Cyanide baths complex with and remove some metals. Gold cyanide baths can dissolve copper from exposed surfaces, altering the copper surface before any desired plating is applied to those areas.
Peelable maskant prevents this collateral chemical attack by physically separating the aggressive bath chemistry from the protected metal surface throughout the plating cycle.
Preventing Anodic Attack
In electroplating, the workpiece is the cathode (negative electrode). However, internal stress distributions in complex parts can create localized anodic areas where metal may dissolve rather than deposit during plating if the potential distribution is not uniform.
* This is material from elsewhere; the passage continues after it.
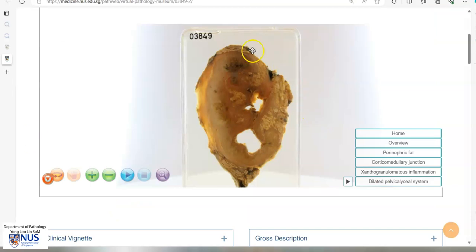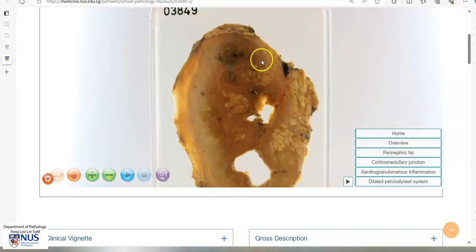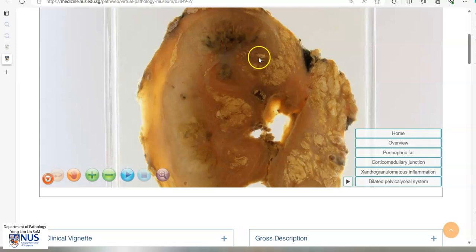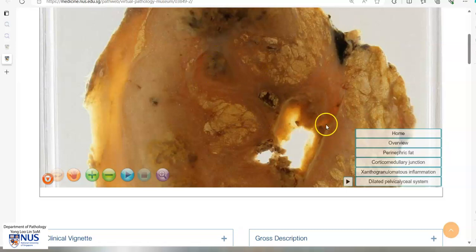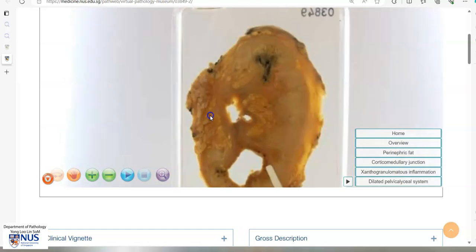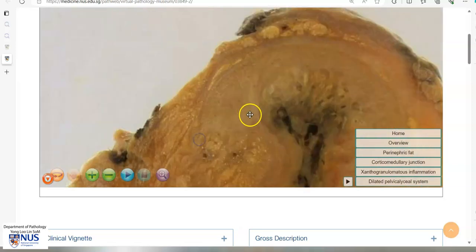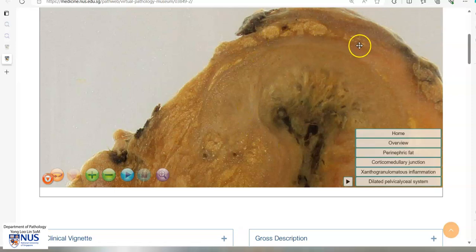In summary, this is an example of xanthogranulomatous pyelonephritis, evidenced by mass-like areas of yellow to orange discoloration which is due to the accumulation of lipid-laden macrophages. There may be accompanying necrosis as well as dilatation of the pelvicalyceal system, and also fibrosis, which is seen better on this surface — we can appreciate these paler whitish areas of fibrosis which can extend beyond the renal capsule into the perinephric fat.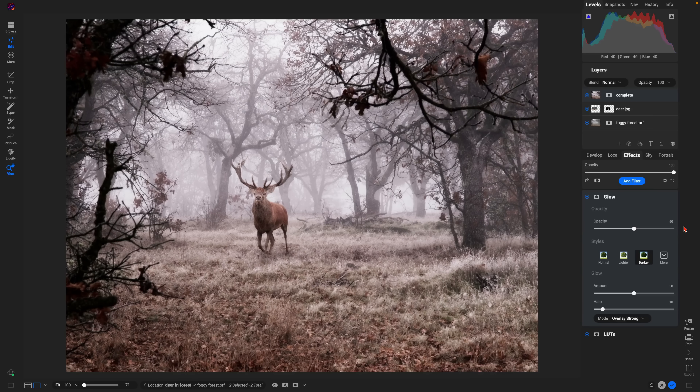It's really that easy to achieve complex edits using the advanced masking tools inside ON1 Photo RAW. Thanks so much for watching — I'll see you in the next lesson.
While this is primarily a plating process engineering issue, maskant that has failed and allowed bath contact in unexpected areas may create additional current distribution disturbances.
Uniform, complete maskant coverage helps maintain the expected current distribution by ensuring the cathode area matches the intended design rather than having unexpected exposed areas that change the current paths.
Post-Plating Peel and Surface Condition
After plating is complete, the maskant is peeled away. For the peeling to expose clean, unplated metal in perfect condition:
- The maskant must not have left adhesive residue on the protected metal
- The protected metal must not have been attacked by bath chemistry under the maskant
- No plating must have deposited under the maskant (which would create an irregular, partly plated surface in the masked zone)
Meeting all three conditions confirms that the maskant fulfilled its protective function completely. Any residue, chemical attack, or unwanted plating under the maskant indicates a failure in the maskant’s barrier function that requires investigation of adhesion, edge sealing, or chemical compatibility.
Incure’s Plating Protection Maskants
Incure develops peelable maskants for selective electroplating applications, with chemical resistance validated against common plating bath chemistries and temperature ratings appropriate for heated bath applications.
Contact Our Team to discuss maskant selection for your specific plating bath chemistry, temperature, and immersion duration requirements.
Conclusion
Peelable maskant protects metal during plating by physically blocking bath solution from contacting the protected surface, electrically insulating the protected surface from the electrochemical deposition reaction, chemically resisting bath chemistry throughout the plating duration, and sealing edges against electrolyte undercreep that would cause unwanted plating under the maskant. Effective plating protection depends on all four mechanisms functioning simultaneously, which requires maskants with formulations specifically matched to the plating bath chemistry, temperature, and immersion time.